_To do_
Look below for the line that contains "City Street Sticker 2x2 Square - Black" and the line that contains "HERMES Коричневая кожаная", then restate both of them and every line in between, exactly. No picture goes in the copy.

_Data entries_
------------------------------------------------------------
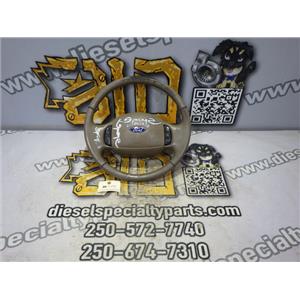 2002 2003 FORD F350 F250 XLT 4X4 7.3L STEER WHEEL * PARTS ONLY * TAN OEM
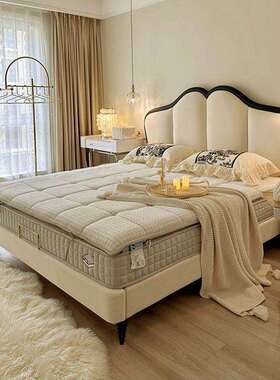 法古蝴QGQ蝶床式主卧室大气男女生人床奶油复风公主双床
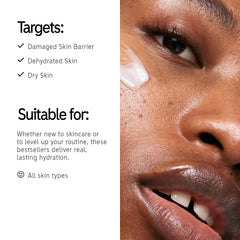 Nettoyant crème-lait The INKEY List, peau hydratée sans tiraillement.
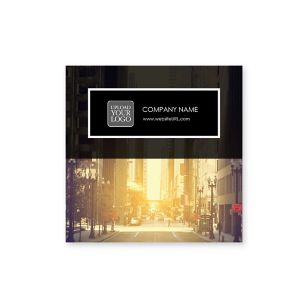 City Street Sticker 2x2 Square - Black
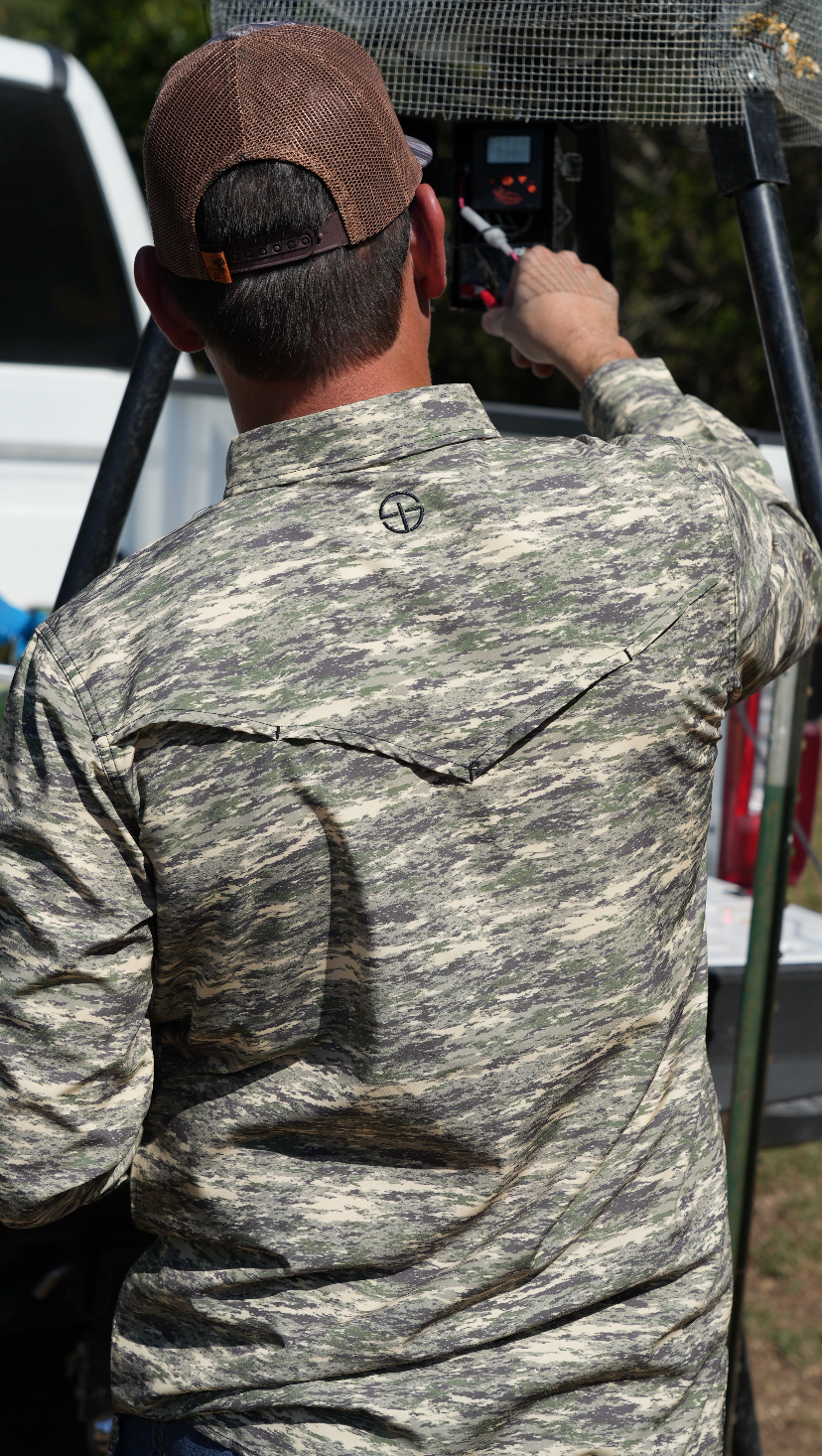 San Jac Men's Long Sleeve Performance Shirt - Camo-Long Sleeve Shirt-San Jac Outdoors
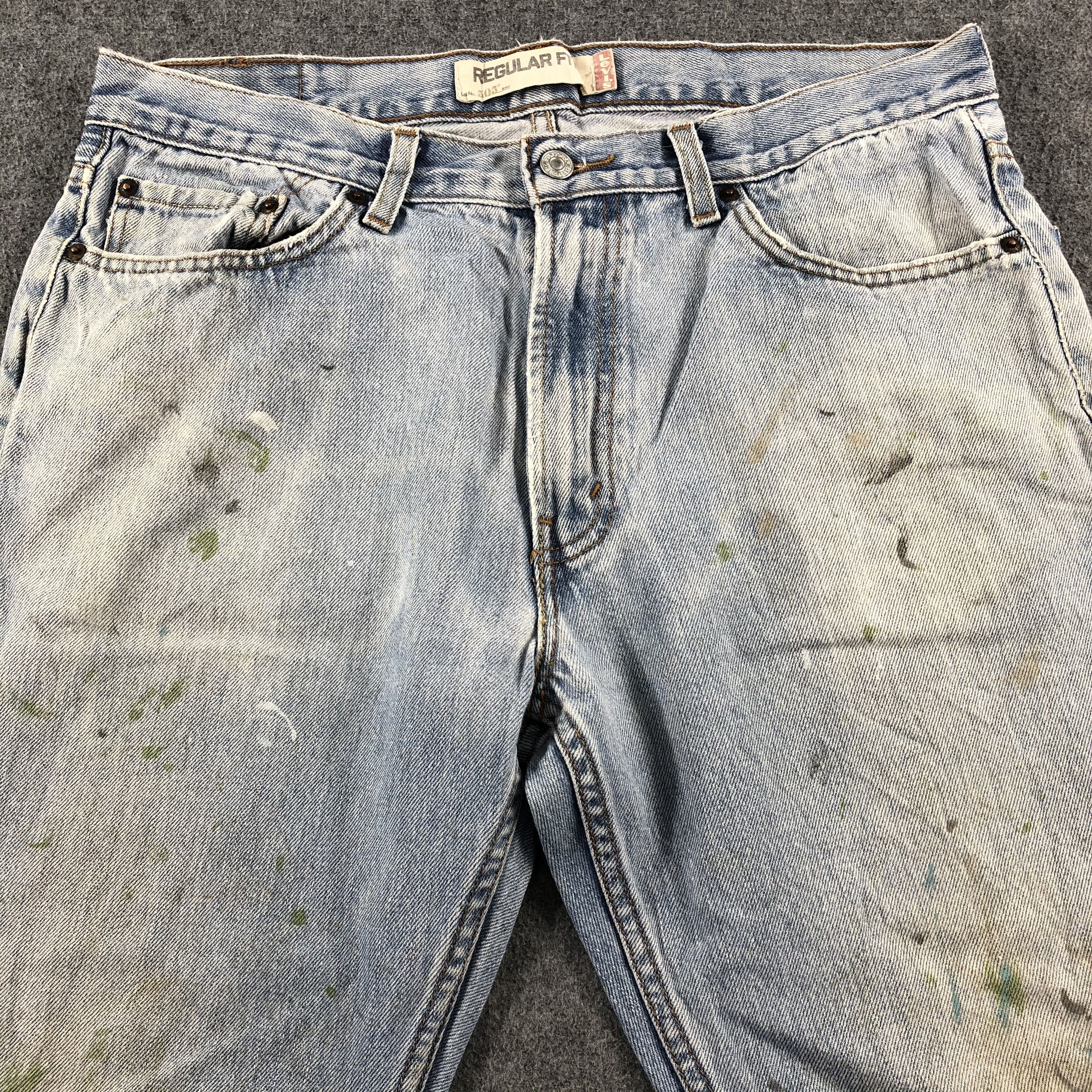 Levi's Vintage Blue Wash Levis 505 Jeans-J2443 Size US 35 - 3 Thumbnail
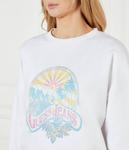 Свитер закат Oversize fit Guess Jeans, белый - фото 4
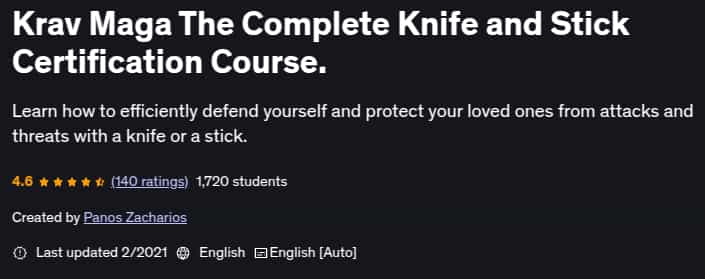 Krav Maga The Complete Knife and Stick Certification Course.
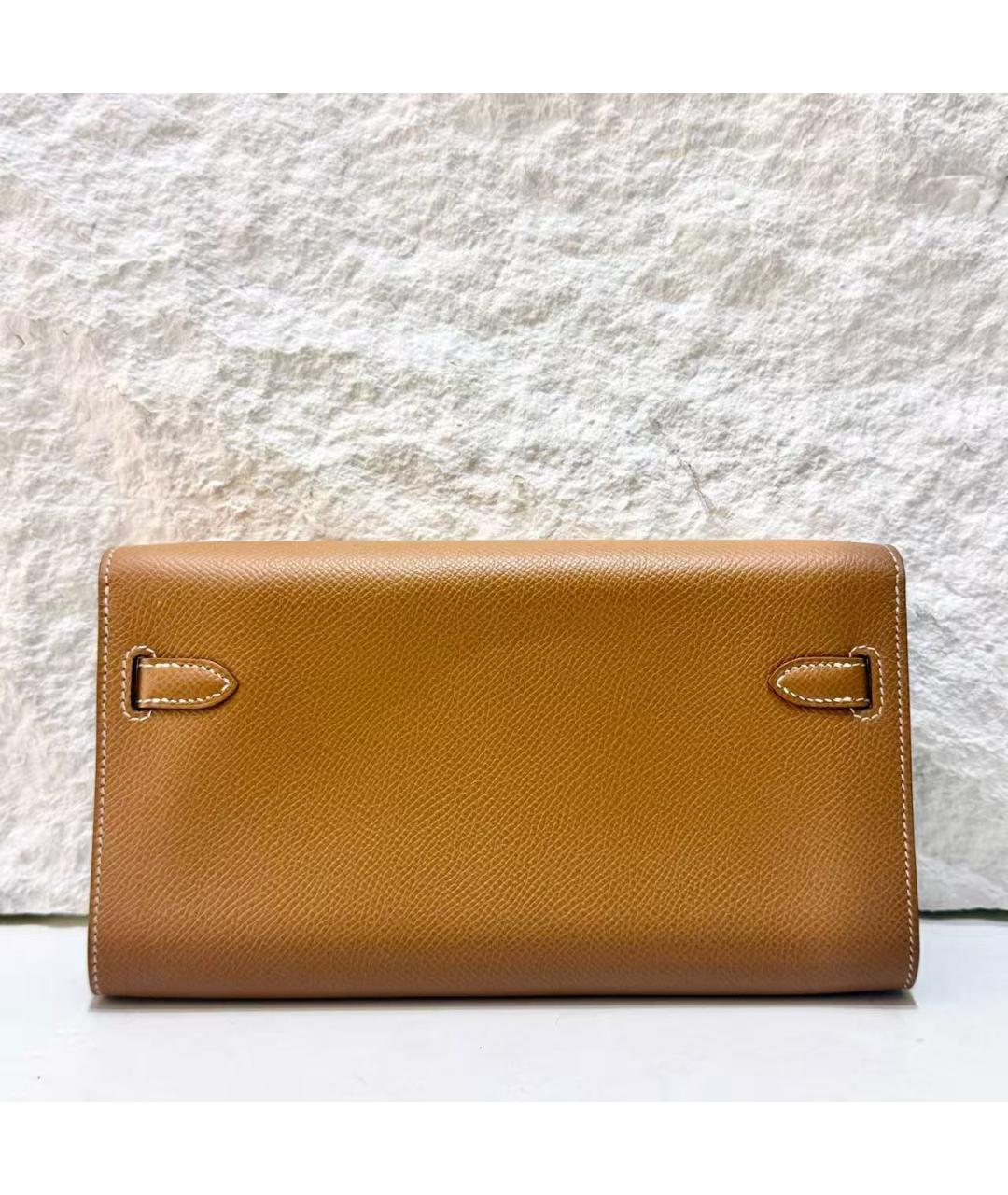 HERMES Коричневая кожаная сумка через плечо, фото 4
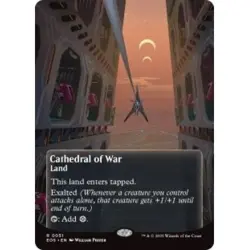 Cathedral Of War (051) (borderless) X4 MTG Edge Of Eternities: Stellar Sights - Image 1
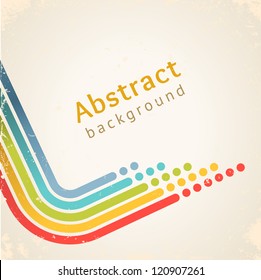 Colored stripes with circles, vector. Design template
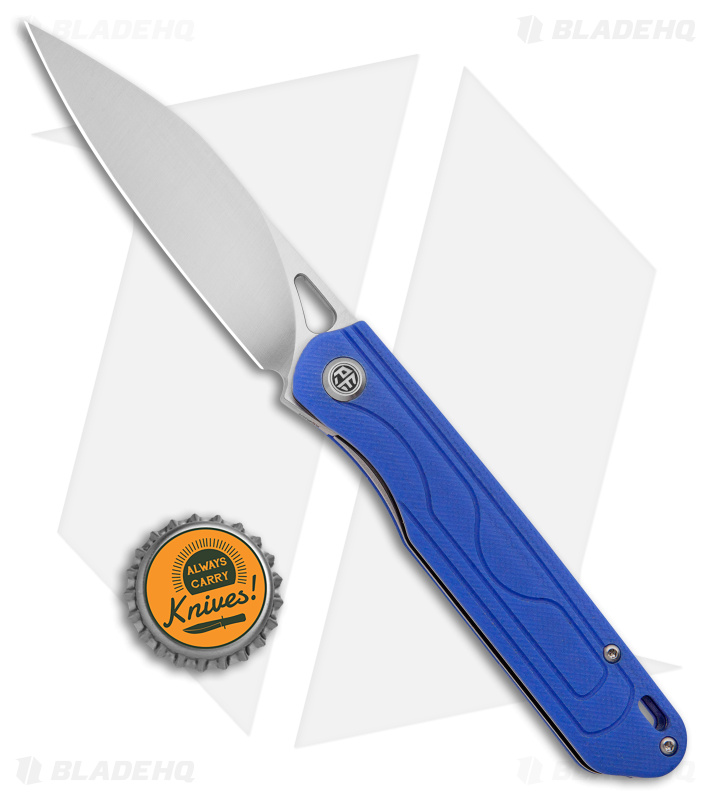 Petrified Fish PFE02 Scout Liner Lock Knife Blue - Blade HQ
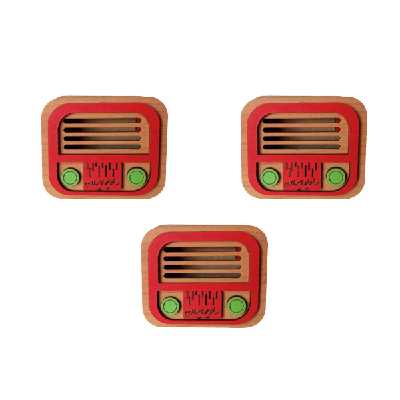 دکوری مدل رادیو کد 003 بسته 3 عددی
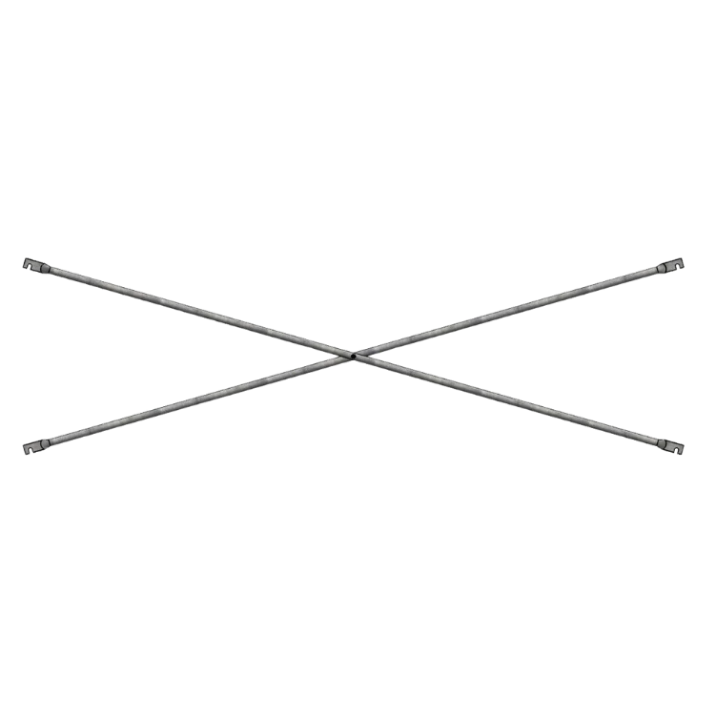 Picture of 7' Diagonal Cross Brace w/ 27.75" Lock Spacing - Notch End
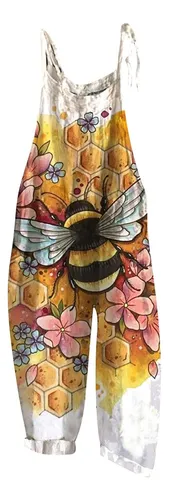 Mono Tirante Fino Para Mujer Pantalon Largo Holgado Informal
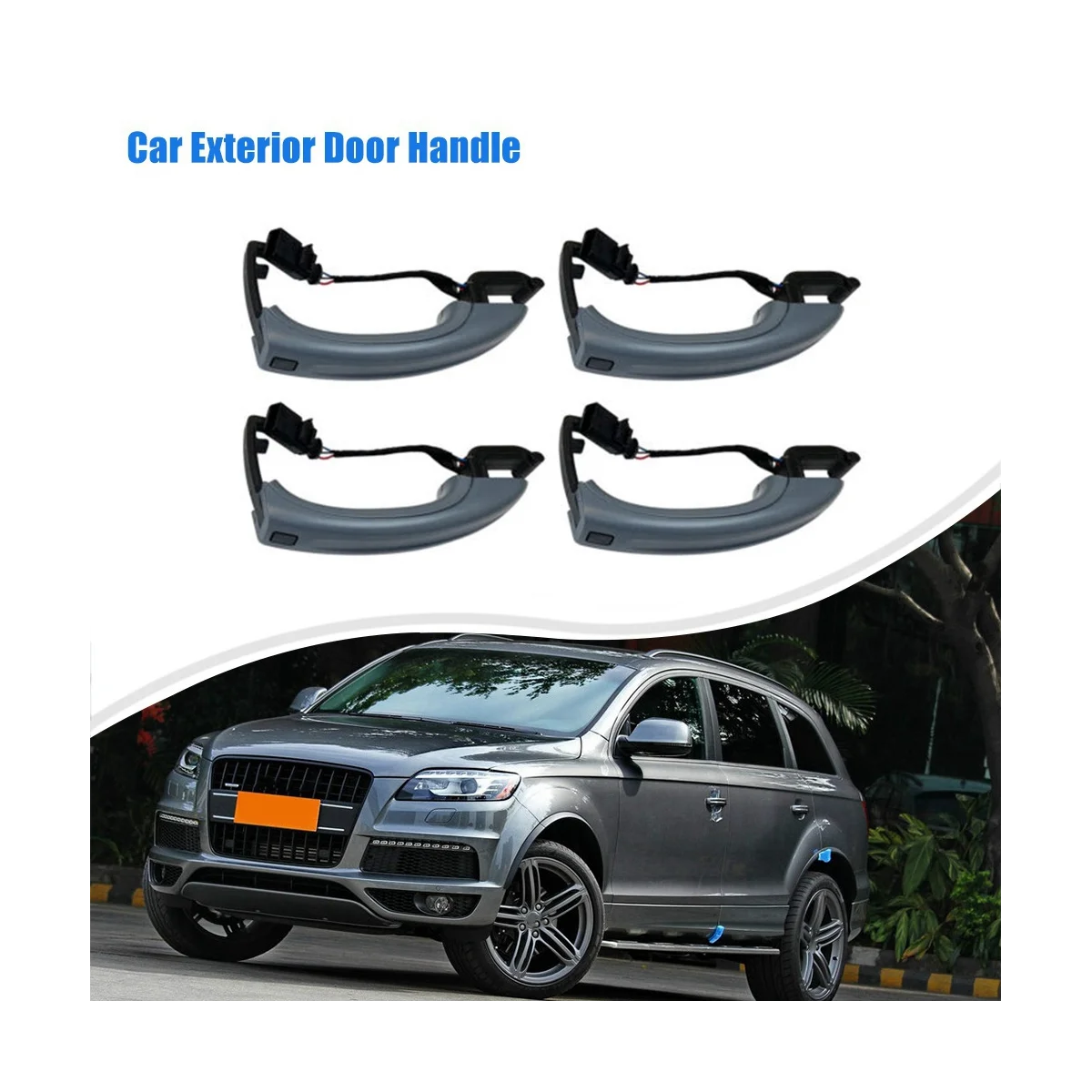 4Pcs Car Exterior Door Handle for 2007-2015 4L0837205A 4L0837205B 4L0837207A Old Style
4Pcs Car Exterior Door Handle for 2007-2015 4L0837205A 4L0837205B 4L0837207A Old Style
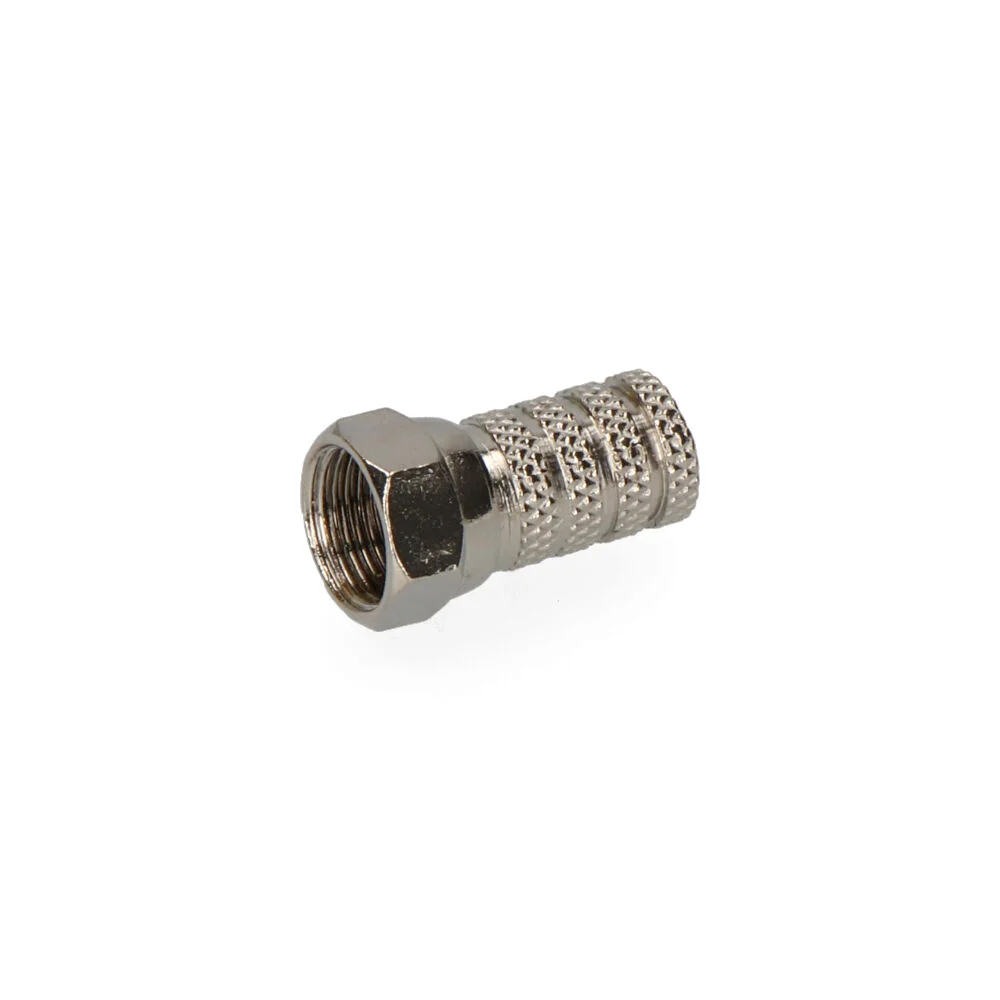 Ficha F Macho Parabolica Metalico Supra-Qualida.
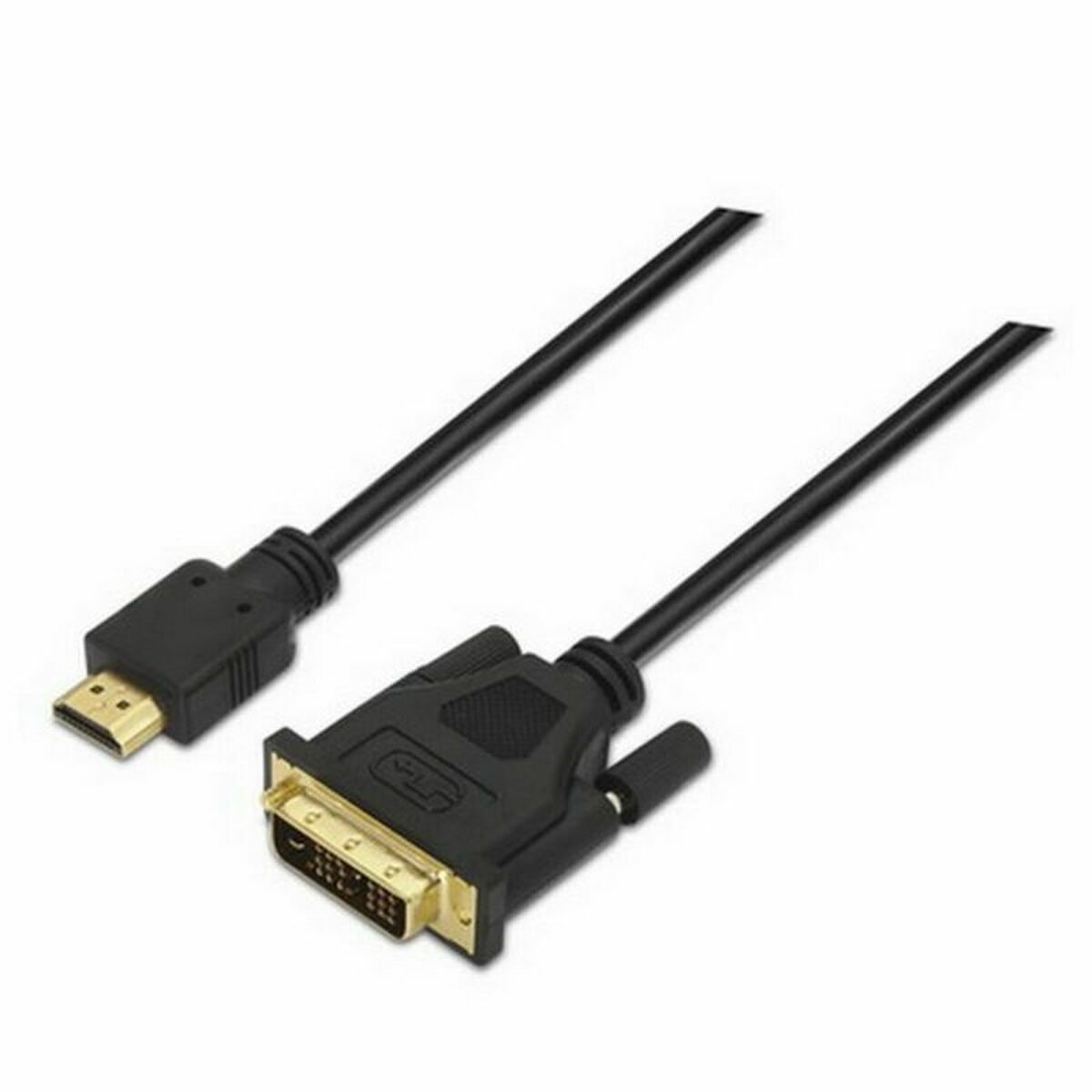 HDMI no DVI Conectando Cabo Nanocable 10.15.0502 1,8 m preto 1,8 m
------------------------------------------------------------
_Solution_
 City Street Sticker 2x2 Square - Black
 San Jac Men's Long Sleeve Performance Shirt - Camo-Long Sleeve Shirt-San Jac Outdoors
 Levi's Vintage Blue Wash Levis 505 Jeans-J2443 Size US 35 - 3 Thumbnail
 Свитер закат Oversize fit Guess Jeans, белый - фото 4
 Krav Maga The Complete Knife and Stick Certification Course.
 HERMES Коричневая кожаная сумка через плечо, фото 4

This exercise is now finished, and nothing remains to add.